I think he is leaving for good next week. If not, I am going to tell him that I think he has to. He cant keep doing this to me or our son. We cant move forward like this.
So, h is still away since Monday night. I have not heard a thing from him. Still thinking on what to say regarding him coming and going. Not sure if I should just wait to see if he is going to come back and leave again.
He said he is doing it slowly for son. How slowly, I dont know. \ Feeling sad today. I am beginning to feel that h needs to be totally gone before anything can happen between us. I know most people say it is better to have them in the house, but I think he needs to do this for him.
And you know him best, so you are probably right! I think you should change the locks on all the doors and then wait and see what he does. If/When he shows up again, act surprised he's there and then tell him that he needs to call and make pre-arrangements before coming over. Tell him that you need your space and time to heal and work on you and that you can't relax if you are nervous that he is going to be showing up unannounced all the time.
Mind you, be friendly and tell him you don't mean to exile him from your son, but remind him that he doesn't have to worry about you dropping in on him un-announced at the OW's mother's place, so you deserve that same respect.
And then, when/if he calls and comes over, make it a point to be gone!! Out of the house. Even if you just drive to the store, it doesn't matter. Just be gone, and don't tell him where you were.
In fact, his meetings with your son should not be in the house. That house needs to be your space exclusively! Claim it! Make it yours! Be calm and kind, but direct and stand your ground!
I actually met sandycay in person last evening for coffee and we talked for 3 hours! She is a very smart lady, and this is pretty much what she did to with her H, and has been very successful!!
[[[[[[BM]]]]]]
TJ
Me45,H49 D24,S18 M26,T28 Bomb 3/19/08 Sep 6/23/08 EA/PA with Secretary 2007-8 3/2009 H moved in w/OW2 7/2009 Let him go w/Love. 8/2009 Legally Sep'd
I am one who doesn't think it is always better to have them in the house. Your case is one where I think it would be better for him to be out. I think you are stuck until he leave. He needs to go for him, but also to give you the room to work on you without worrying about what he is thinking.
Thanks SC, but I dont have the nerve to do that! But I do have to do something. My h would be really pissed and probably run to file. When I didnt tell him our plans for Thanksgiving (since he didnt ask and assumed we'd stay home, he was pissed and thats when he told me he was really leaving.

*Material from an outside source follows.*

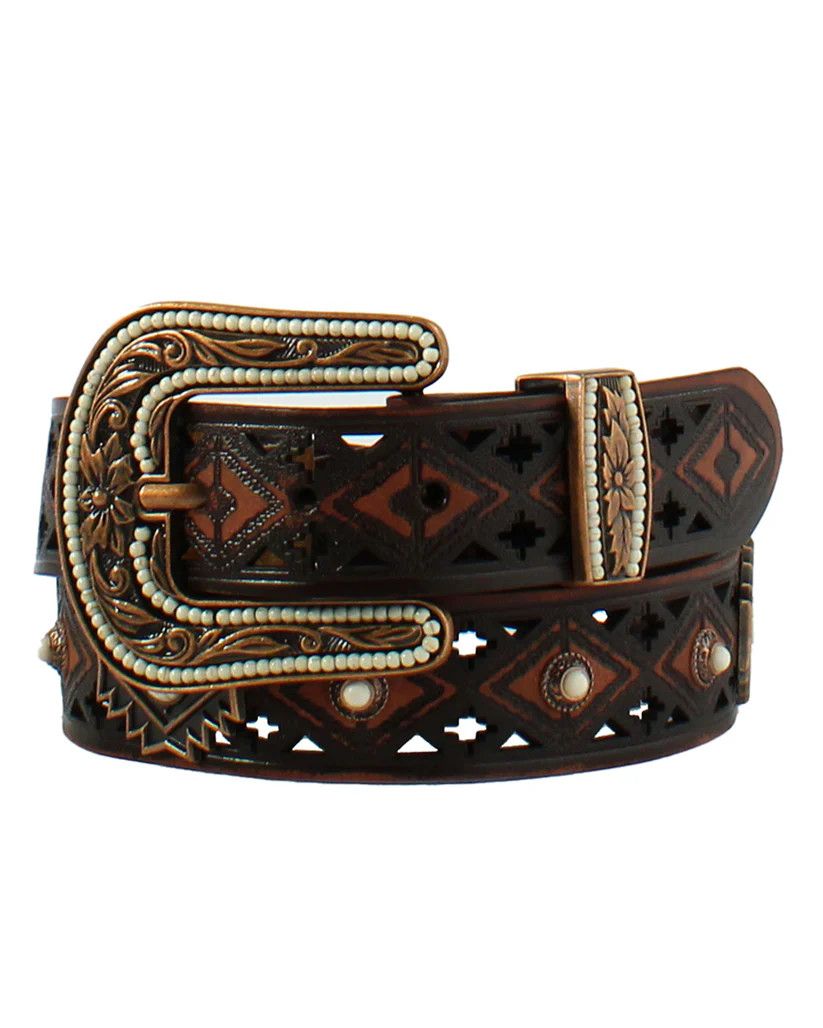 ANGEL RANCH AZTEC LEATHER CONCHO BELT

But it would be a huge 180 for me to stop being such a freakin wuss. Really. It's embarrasing. Ok, I have to stop thinking about it right now - I am turning red!
Hey Jeff, what up? I know you feel that way. I am a big chicken. Afraid to ruffle his feathers. Mostly for our son who misses him so much and for me. It would start the whole filing, selling the home and all thing for me.
If someone would have told me I would be such a wuss and let someone walk all over me, I would have told them they were crazy.
You know, it so hard for me because he is so kind and thoughtful when he is here. He even made me breakfast last weekend. I was busy in my room and he knocked on the door to say there was eggs for me. I thanked him and took my time, he took his downstairs.
Once again, I was in the twilight zone of MLC. And I am starting to feel a little too comfortable there with all the crazies.